# Join Import Data

Para esta parte, es necesario tener los datos separados por año, mes y la exportacion con los complementes. Es decir, haber ejecutado previamente **Filter export data**, **Filter import data**, y **Complement export data**. En este python tambien se agregan en nombre de las columnas.

In [7]:
import os
import pandas as pd
import csv
import json

Generamos una lista con todas las columnas de los archivos a analizar.

In [9]:
with open("csv_columns.json") as file:
    columns = json.load(file)

columns_import = columns["columns_import"]
columns_export = columns["columns_export"]

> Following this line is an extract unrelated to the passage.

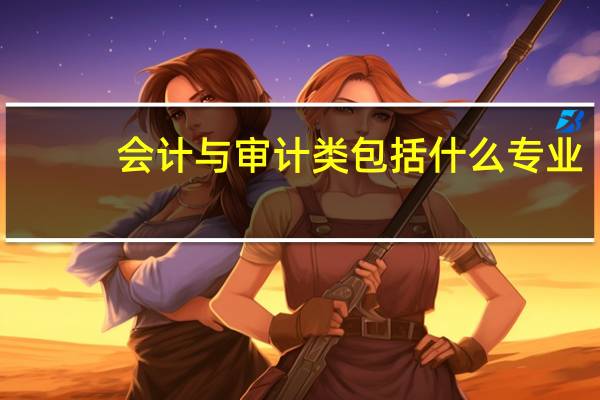 会计与审计类包括什么专业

Creamos la carpeta donde guardaremos los nuevos archivos unidos, para eso primero necesitamos el directorio de trabajo (Working directory)

In [10]:
# Working directory
cwd = os.getcwd()

# Create filter folder
if not os.path.exists(cwd + os.sep + "data"):
    os.makedirs(cwd + os.sep + "data")

# Create import folder
if not os.path.exists(cwd + os.sep + "data" + os.sep + "import"):
    os.makedirs(cwd + os.sep + "data" + os.sep + "import")
    
    
# Create export folder
if not os.path.exists(cwd + os.sep + "data" + os.sep + "export"):
    os.makedirs(cwd + os.sep + "data" + os.sep + "export")

# Join Import Data

In [14]:
read_path = cwd + os.sep + "Filter_Data" + os.sep + "import"
write_path = cwd + os.sep + "data" + os.sep + "import"

total_data = None

for year in os.listdir(read_path):
    year_path = read_path + os.sep + year
    filename_out = write_path + os.sep + year + ".txt"
    
    year_df = None
    
    for month in os.listdir(year_path):
        filename = year_path + os.sep + month
        
        csv_file = pd.read_csv(filename, names=columns_import,
                               header=None, sep=";", encoding="latin1",
                               quoting=csv.QUOTE_NONE)
        
        csv_file["YEAR"] = [year for _ in range(csv_file.shape[0])]
        csv_file["MONTH"] = [month[:2] for _ in range(csv_file.shape[0])]
        
        if year_df is None:
            year_df = csv_file
        else:
            year_df = pd.concat([year_df, csv_file])
            
        if total_data is None:
            total_data = csv_file
        else:
            total_data = pd.concat([total_data, csv_file])
            
    year_df.to_csv(filename_out, sep=";", encoding="latin1", header=True,
                   index=False, quoting=csv.QUOTE_NONE)
    
total_data.to_csv(write_path + os.sep + "all_import.txt", sep=";", encoding="latin1",
               index=False, quoting=csv.QUOTE_NONE)
    
print("Import join")

Import join


# Join Export Data

In [17]:
read_path = cwd + os.sep + "Filter_Data" + os.sep + "export"
write_path = cwd + os.sep + "data" + os.sep + "export"

total_data = None

for year in os.listdir(read_path):
    year_path = read_path + os.sep + year
    filename_out = write_path + os.sep + year + ".txt"
    
    year_df = None
    
    for month in os.listdir(year_path):
        filename = year_path + os.sep + month
        
        csv_file = pd.read_csv(filename, names=columns_export,
                               header=None, sep=";", encoding="latin1",
                               quoting=csv.QUOTE_NONE)
        
        csv_file["YEAR"] = [year for _ in range(csv_file.shape[0])]
        csv_file["MONTH"] = [month[:2] for _ in range(csv_file.shape[0])]
        
        if year_df is None:
            year_df = csv_file
        else:
            year_df = pd.concat([year_df, csv_file])
            
        if total_data is None:
            total_data = csv_file
        else:
            total_data = pd.concat([total_data, csv_file])
            
            
    year_df.to_csv(filename_out, sep=";", encoding="latin1", header=True,
                   index=False, quoting=csv.QUOTE_NONE)
    
total_data.to_csv(write_path + os.sep + "all_export.txt", sep=";", encoding="latin1",
               index=False, quoting=csv.QUOTE_NONE)

    
print("Export join")

Export join